Which sets the stage for a revival of a storied Cold War intelligence ritual, with the declining agency morale that comes with it: the Russian mole hunt. “I think we’re most likely looking at someone who went rogue from within, or a contractor who had access to this information,” said Eric O’Neill, national-security strategist for Carbon Black. “Either way, we have someone in the intelligence community that’s a pretty high-placed spy.”
A former FBI surveillance specialist, in 2001 O’Neill helped bring down Robert Hannsen, a double agent in the bureau who’d been secretly spying for Russia. “The FBI must be scrambling right now,” he said. “There’s so many leaks going on: this leak, the CIA Vault7 leaks, and at the same time there’s the investigation into any administration ties to Russia, and the DNC intrusion, and all these leaks coming out of the White House. There’s only so much that the FBI’s national security agents can do.”
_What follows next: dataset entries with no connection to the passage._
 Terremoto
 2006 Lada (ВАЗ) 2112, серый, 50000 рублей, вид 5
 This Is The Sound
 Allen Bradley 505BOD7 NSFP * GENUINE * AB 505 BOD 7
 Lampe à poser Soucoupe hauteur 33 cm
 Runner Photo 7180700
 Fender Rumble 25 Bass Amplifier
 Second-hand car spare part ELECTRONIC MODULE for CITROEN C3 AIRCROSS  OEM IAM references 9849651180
If Russia did have a mole inside the NSA in 2013, the most recent date of the documents, Schneier thinks it unlikely that it does now, or else the Shadow Brokers wouldn’t exist. “You only publish when it’s more useful as an embarrassment than as intelligence,” he said. “So if you have a human asset inside the NSA, you wouldn’t publish. That asset is too important.”
It’s also possible, though unprecedented in the public record, that Russia found a way into the NSA’s classified network. A competing theory focuses on the FBI’s early suspect, Hal Martin. He’s not the Shadow Brokers, but he reportedly worked in the NSA’s Tailored Access Operations program and had 50,000 gigabytes of classified material in his home. Might he himself have been hacked? Martin is charged in Maryland with 20 counts of willful retention of national defense information, but prosecutors have not made any accusation that his trove slipped into enemy hands.
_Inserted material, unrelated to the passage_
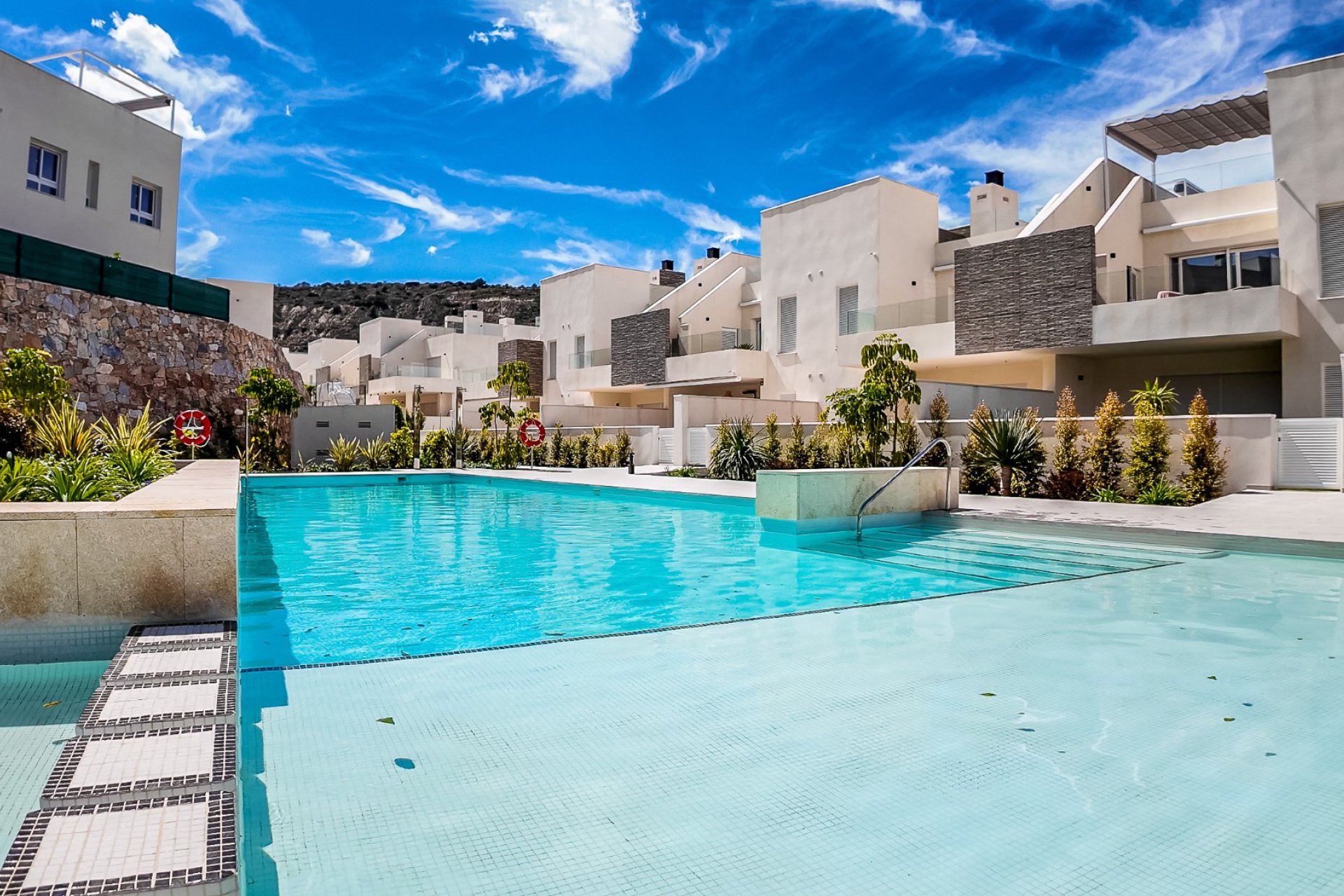 Resale - Apartment / flat - Algorfa - LA FINCA GOLF / ALGORFA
As Snowden demonstrated when he walked out of the NSA with a thumb drive of secrets, it’s comparatively easy now to steal and smuggle classified information. But O’Neill says the FBI’s counterintelligence mission is easier too, because of the rampant audit trails and server logs in classified networks.
“It’s much easier getting the secrets out now, but on the flip side, it’s also easier for law enforcement and the FBI to track down who had access to the data,” he says. “I like to think this mole hunt is going to be a little easier than it was in the past.”